SENATOR MALARNDIRRI MCCARTHY
In recent weeks, we've seen hundreds of thousands of Australians take to the streets in the Black Lives Matter rallies, calling on a reduction in the high incarceration rates of First Nations people and an end to Black deaths in custody. Almost 100,000 people across Australian cities and towns have taken their passion, their purpose and their beliefs to the streets in a global movement proclaiming that things must not remain the same, that things have to change.
In the Federal Parliament, where I am a Senator representing the Northern Territory, I felt this movement of change too. When the Senate supported a motion supporting the rallies, the passion, the calls to reduce the high incarceration rates of First Nations people and to stop the deaths in custody across our country, it was saying: 'We know that that is a great weakness in our country. We know that that is a great weakness in our system of governance.’ No government, no political party, is immune from the fact that there is systemic failure, that a population of people who are not even quite three per cent in this country can experience such severe suffering.
On Wednesday, I stood in the Senate to give a statement on the Black Lives Matter movement and what it means for Australia. I thought about talking about the statistics: the fact that more than 400 Aboriginal and Torres Strait Islander people have died in custody since the end of the royal commission in 1991; that First Nations people are the most incarcerated in the world; or that despite comprising 2% of the general adult population, First Nations people are 28% of the prison population.

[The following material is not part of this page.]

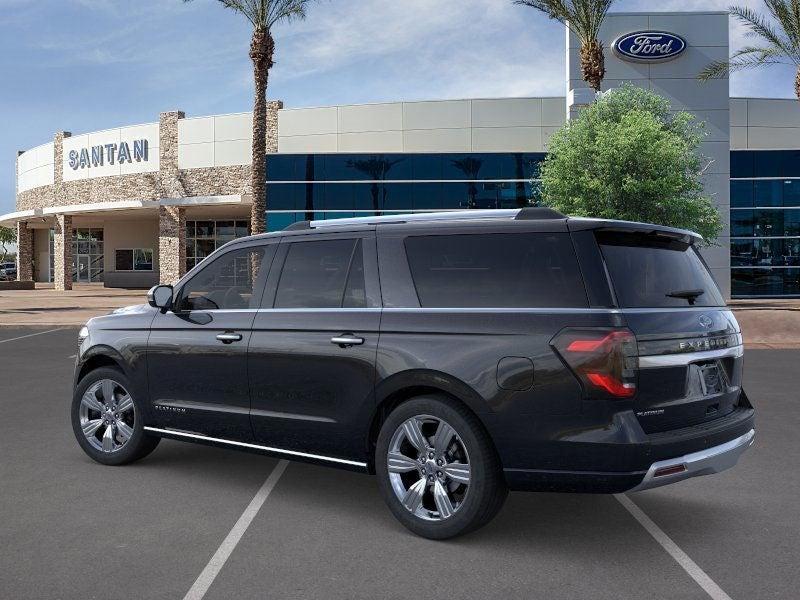 new 2024 Ford Expedition Max car, priced at $82,740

In the end, I stood up and read the names and circumstances of the 31 First Nations deaths in custody between 2017 and March 2019.

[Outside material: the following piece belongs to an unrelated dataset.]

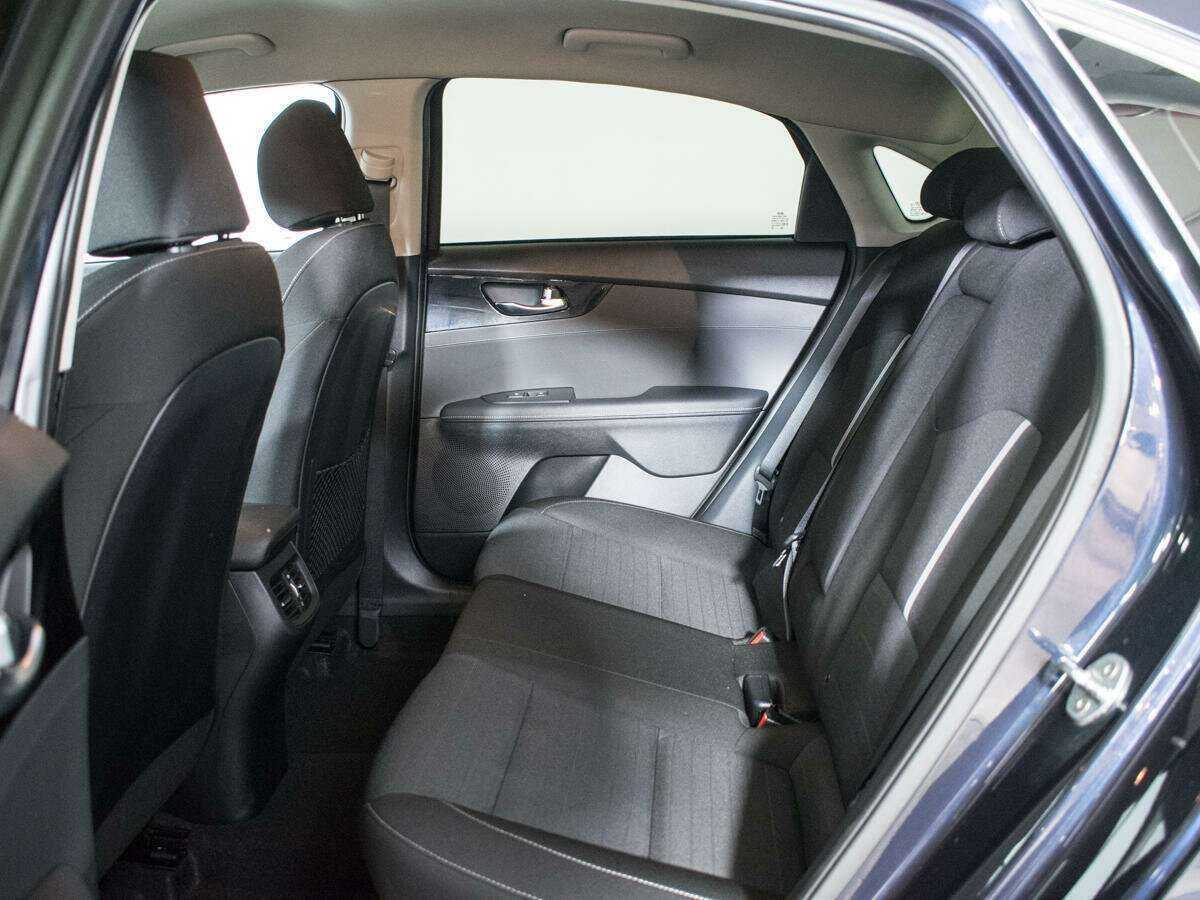 Купить Kia Cerato, 2019, 58 630 км.. Фото: #7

Some you might have heard of, like Kumunjayi Walker, who died after he was shot at Yuendumu when two police officers went to his house to arrest him for breaches of his suspended sentence. Or Ms Day, who died 17 days after falling in the cells of Castlemaine police station after being arrested for public drunkenness. Others might be new to you, like the 17-year-old boy who drowned in Perth's Swan River while running from police after reports of boys jumping fences.

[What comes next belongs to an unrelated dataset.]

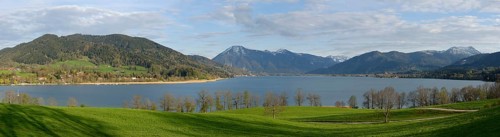Lake Tegernsee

I read these names because, behind the statistics are people with families, friends and stories; and it is important to me that we put that fact on the parliamentary record. I read these names in order to pay respects to the families seeking justice for their loved ones and who want to know what happened. And read these names to remind the parliament that these are the people that hundreds of thousands of Australians walked the streets for. These are the people who are at the centre of this movement, this wave of change that is upon us. And their names deserve to be heard.